Bajo la excusa de restablecer el orden, el decreto implementa medidas que funcionarán como «castigos colectivos» contra ciudadanos que no participan en las protestas:

  • Asfixia bancaria y alimentaria: El inciso ‘h’ del Art. 5 permite al Gobierno ordenar el cierre de sucursales bancarias y bloquear cajeros automáticos en las «zonas de intervención». Cortar el acceso al dinero en ciudades enteras (como El Alto o zonas del Chapare) vulnera el derecho a la alimentación, castigando a enfermos, ancianos y familias que no podrán comprar insumos básicos.
  • Toque de queda económico: La suspensión de la actividad nocturna golpeará de muerte a miles de trabajadores informales, del transporte y la gastronomía, agravando la crisis económica.
  • Cero derecho a la protesta: Al prohibir «concentraciones masivas y eventos», se anula la libertad de asociación, permitiendo que cualquier marcha pacífica sea reprimida legalmente.

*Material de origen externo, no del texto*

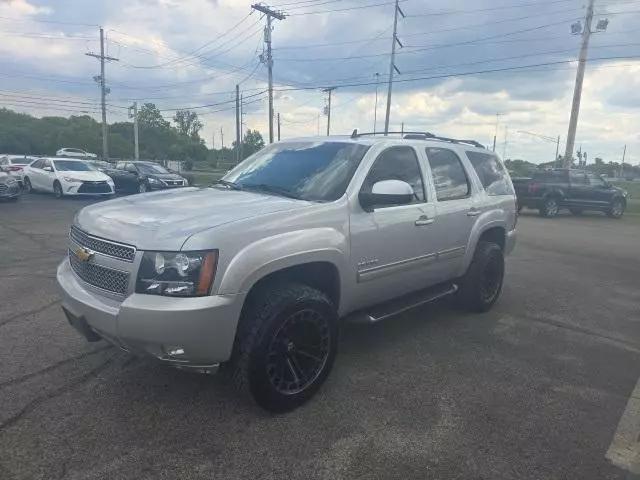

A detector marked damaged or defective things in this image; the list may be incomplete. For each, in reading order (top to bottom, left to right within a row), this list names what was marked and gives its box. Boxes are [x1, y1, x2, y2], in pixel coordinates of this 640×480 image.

pavement crack [0, 298, 60, 328]
pavement crack [0, 344, 112, 390]
pavement crack [0, 354, 115, 434]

Las «trampas» políticas: UIF y desvío de fondos sin control

El decreto no solo busca despejar carreteras, sino que dota al Gobierno de herramientas de espionaje y control financiero sin supervisión legislativa:

  • El arma de la UIF: La Disposición Final Segunda ordena a la Unidad de Investigaciones Financieras (UIF) rastrear la «logística y financiamiento» de los bloqueos. Esto otorga al Estado el poder discrecional de intervenir cuentas bancarias y congelar fondos de dirigentes sindicales, empresarios u opositores políticos bajo sospecha, quebrando financieramente a la disidencia.
  • Bypass del Presupuesto: La Disposición Final Primera autoriza al Ministerio de Economía a mover dinero del Tesoro General de la Nación (TGN) sin aplicar el Reglamento de Modificaciones Presupuestarias. El Gobierno podrá desviar millones de bolivianos —posiblemente de salud o educación— para comprar armamento o pagar a los militares, sin ningún control legislativo previo.

El riesgo de nuevas masacres

El impacto social de la medida es alarmante. Al permitir que militares intervengan zonas de abastecimiento estratégico (como refinerías o plantas como Senkata y Palmasola), se configura el mismo escenario operativo que derivó en la Masacre de Senkata en 2019 y la Masacre de Octubre de 2003.

El Decreto Supremo N° 5636 transforma temporalmente a Bolivia en un Estado policial-militar. El mayor peligro radica en su aplicación: aunque la Constitución exige que la Asamblea Legislativa Plurinacional apruebe o rechace el estado de excepción en un plazo de 72 horas, la medida entra en vigencia de forma inmediata. Para cuando el Congreso debata su legalidad, las Fuerzas Armadas ya estarán en las calles, y el daño institucional y humano podría ser irreversible.